Having found the line containing "Natrol Biotin(100 Tabs)" in the records below, copy that line and each later one exactly, dropping pictures.
--- Task material Enclosed Below ---
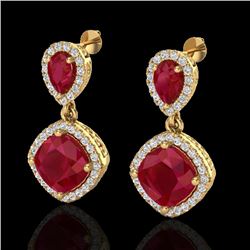 7 CTW Ruby & Micro Pave VS/SI Diamond Earrings Designer Halo 10K Yellow Gold - REF-107X3T - 20208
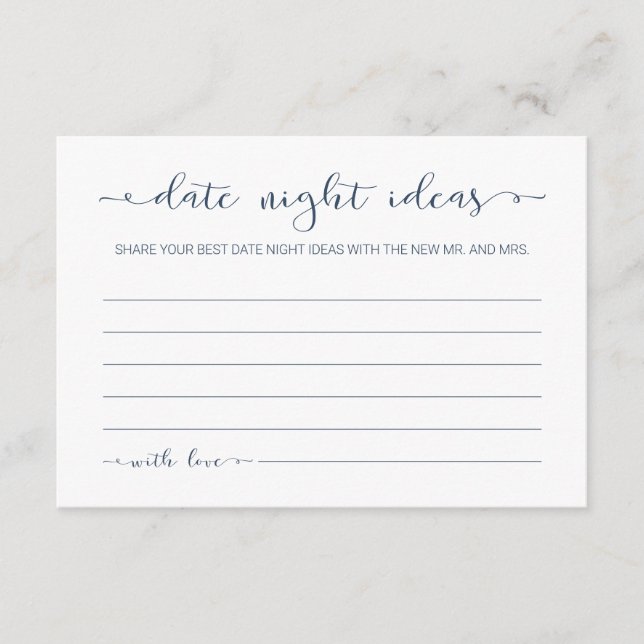 Minimalistiska kalligrafidata natt idé kort (Framsida)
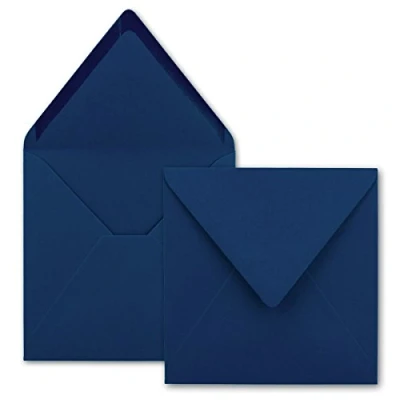 Afbeelding van FarbenFroh Vierkante enveloppen in donkerblauw (blauw) 15,5 x cm zonder venster, met natte plakrand 110 g/m² voor uitnodigingskaarten bruiloft, verjaardag en meer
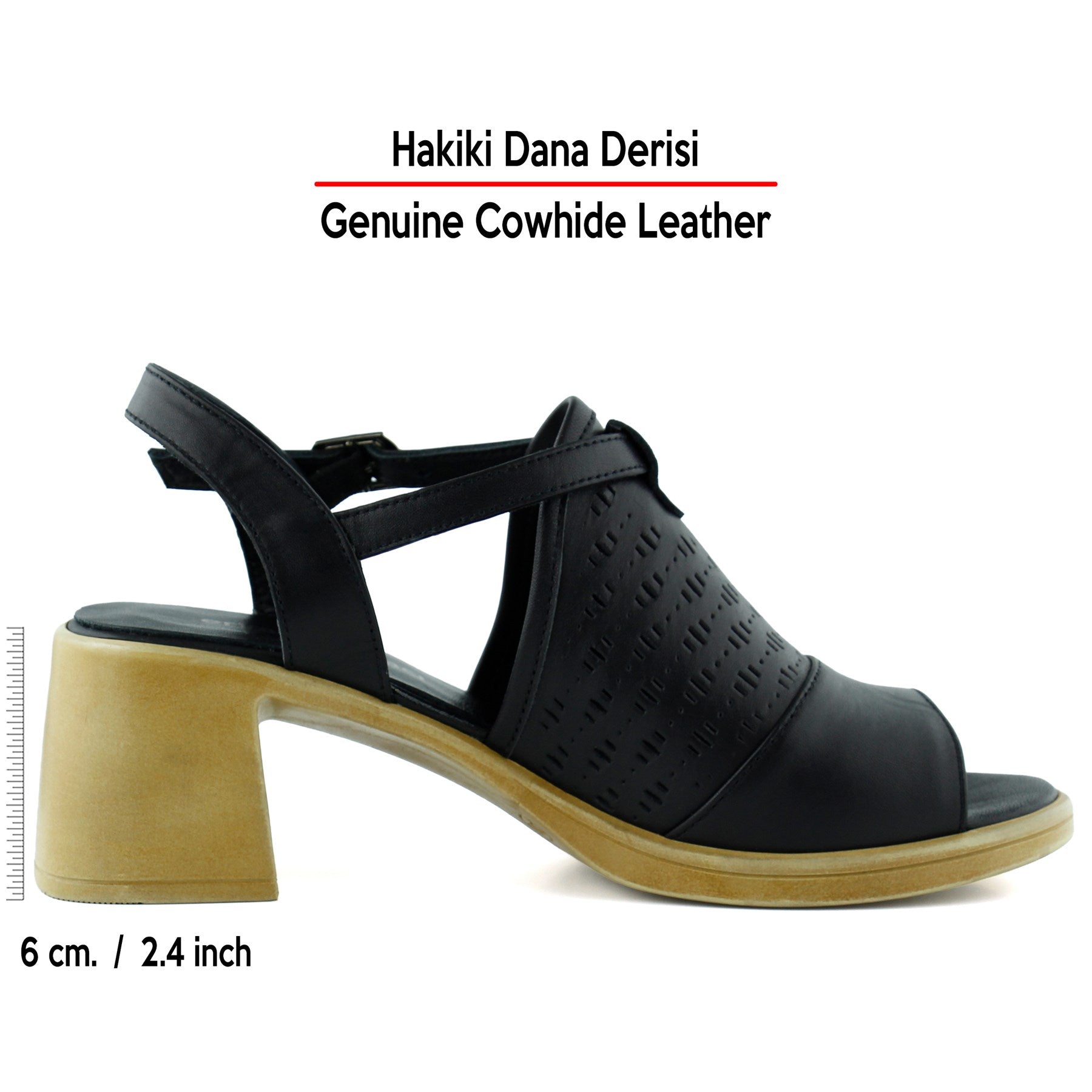 Amanda Siyah Hakiki Dana Derisi Kesik Detaylı Ayarlanabilir Tokalı Kalın Topuklu Günlük Sandalet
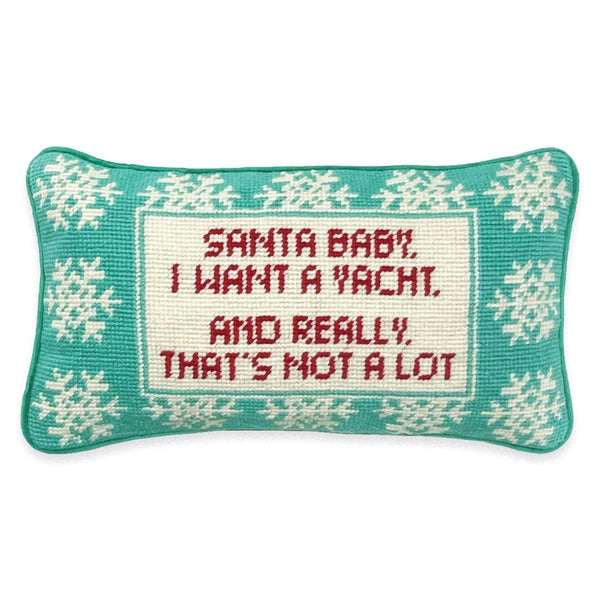 I Want A Yacht Needlepoint Pillow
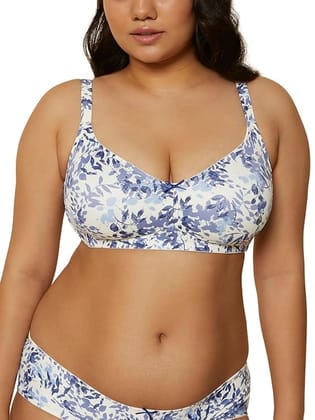 Triumph 100|496 Printed Minimizer Non Padded Non Wired Bra|496-Klein Blue / 34D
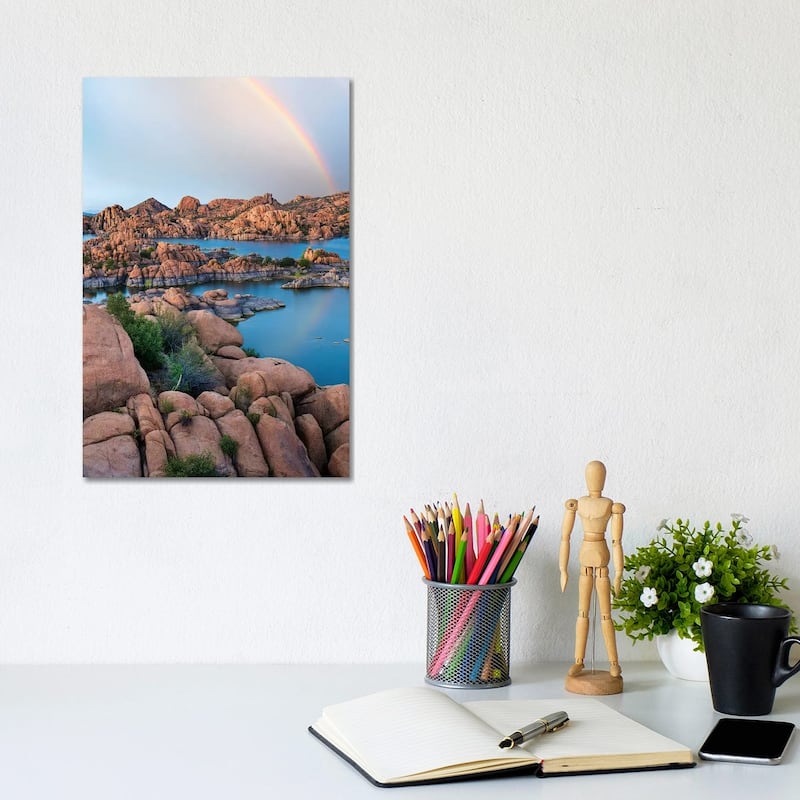 iCanvas "Rainbow Over Granite Dells At Watson Lake, Arizona" by Tim Fitzharris Canvas Print - 12x8x0.75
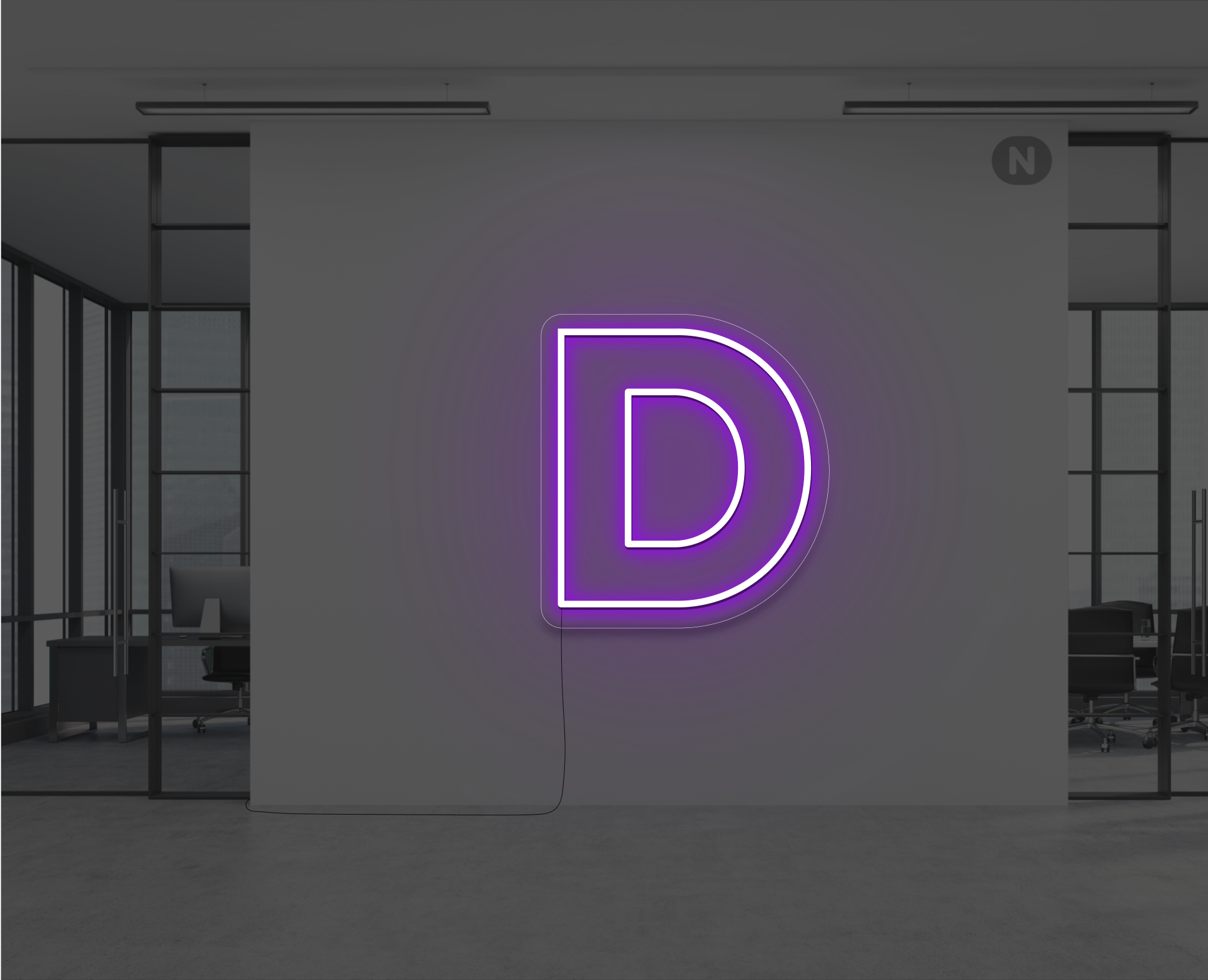 lettera-d-al-neon-viola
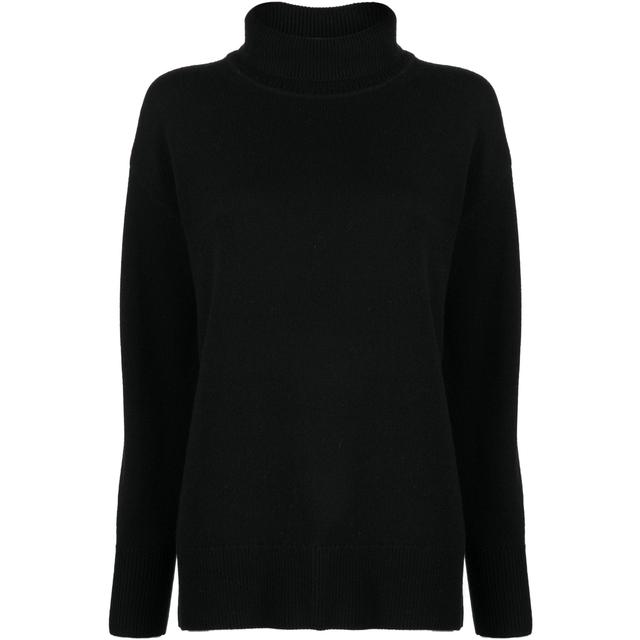 Megztinis moterims, Juoda, High neck soft wool sweater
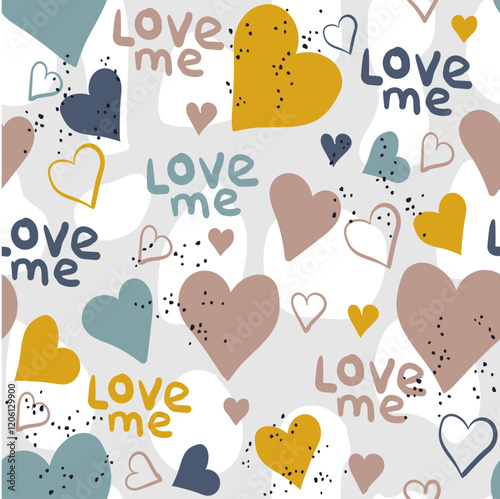 Heart Illustration, Hearts, Love, Valentine, Repeat print, kiss, Vector art, adobe illustration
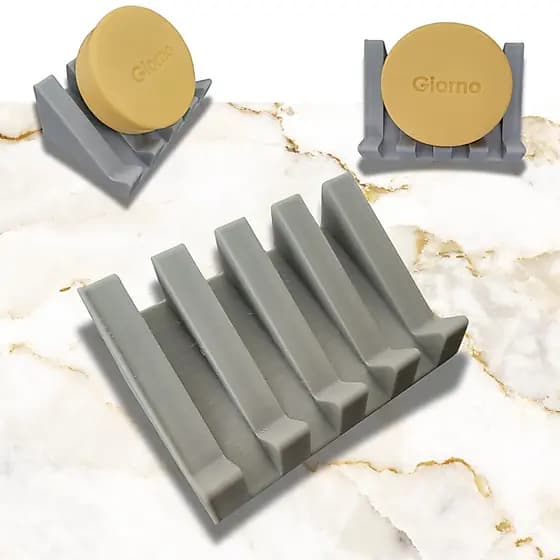 Saboneteira Inclinada para Pia com 5 Estrias - Minimalista, Elegante e Moderno para Banheiro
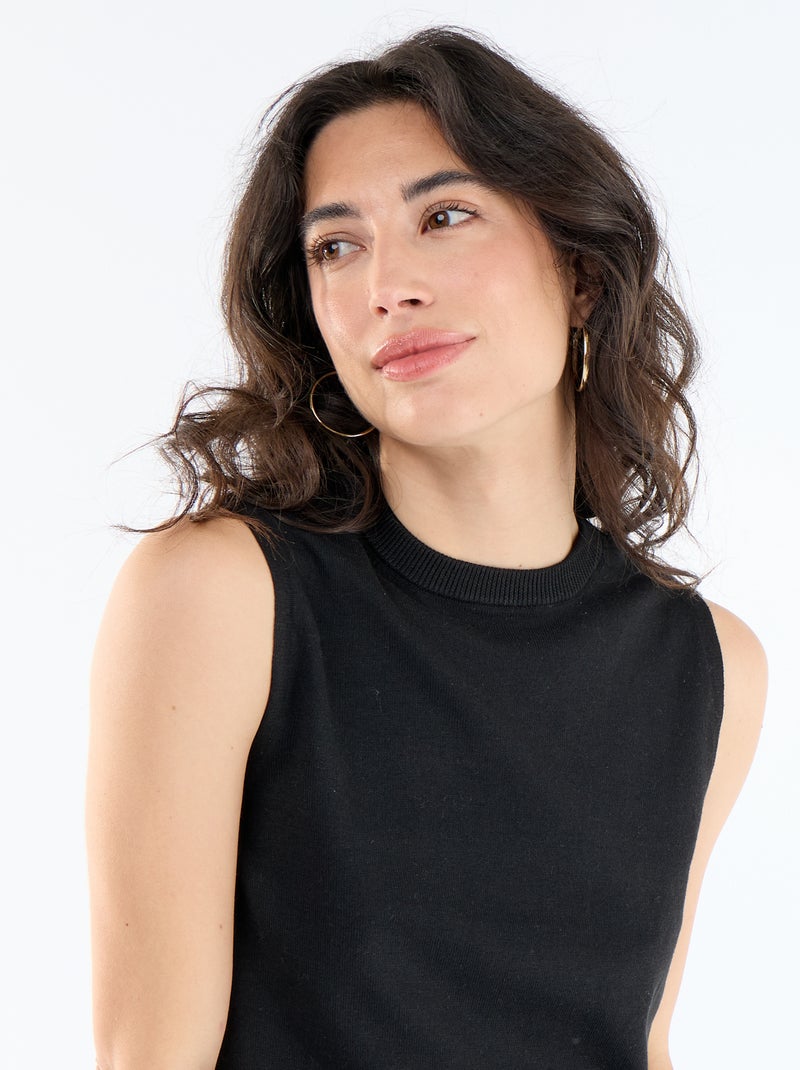 Maglione senza maniche a girocollo Nero - Kiabi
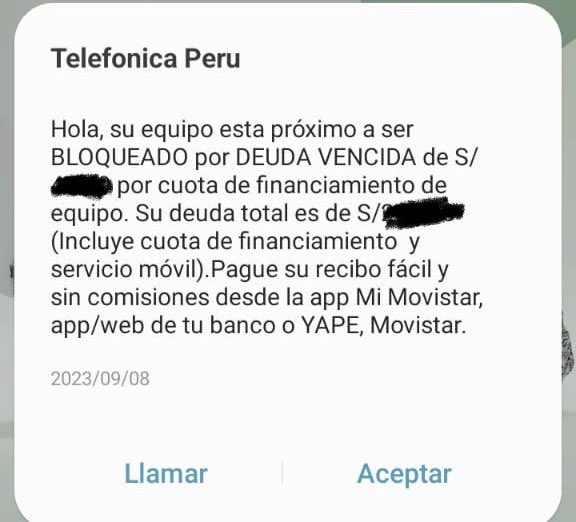 1Millin3's tweet photo. @MovistarPeru sres. Cómo es posible que mi recibo no vence y estoy recibiendo este tipo de mensajes para cobrar son buenos para arreglar su servicio incompleto no 😠 @OSIPTEL por favor https://t.co/3XQGPajUIU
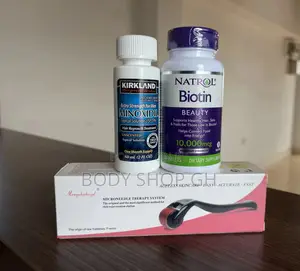 Natrol Biotin(100 Tabs) +Kirkland Minoxidil +Derma Roller 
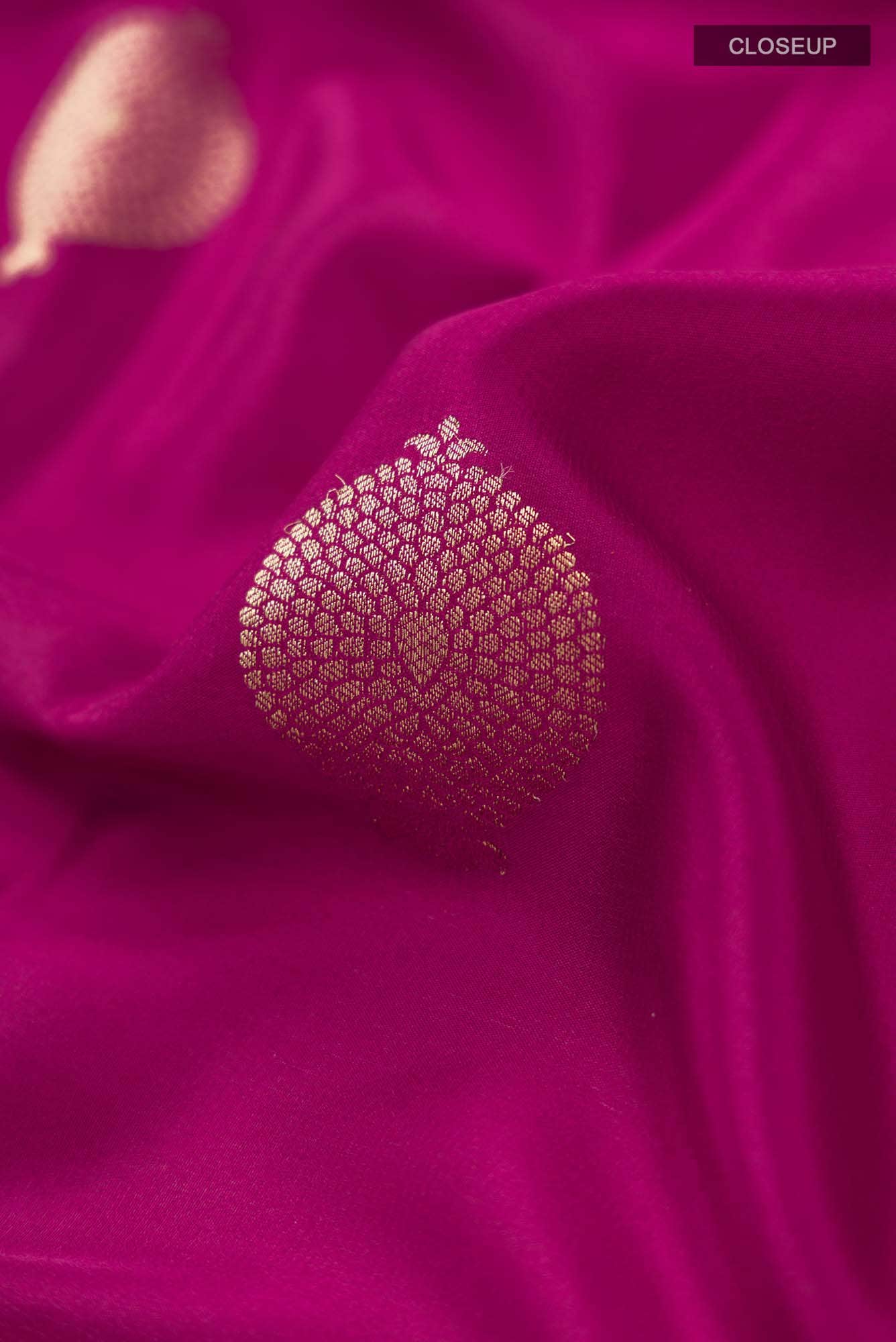 Dark Pink Mysore Crepe Saree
--- End of Enclosed Task material ---
• Solution to this task
 Natrol Biotin(100 Tabs) +Kirkland Minoxidil +Derma Roller 
 Dark Pink Mysore Crepe Saree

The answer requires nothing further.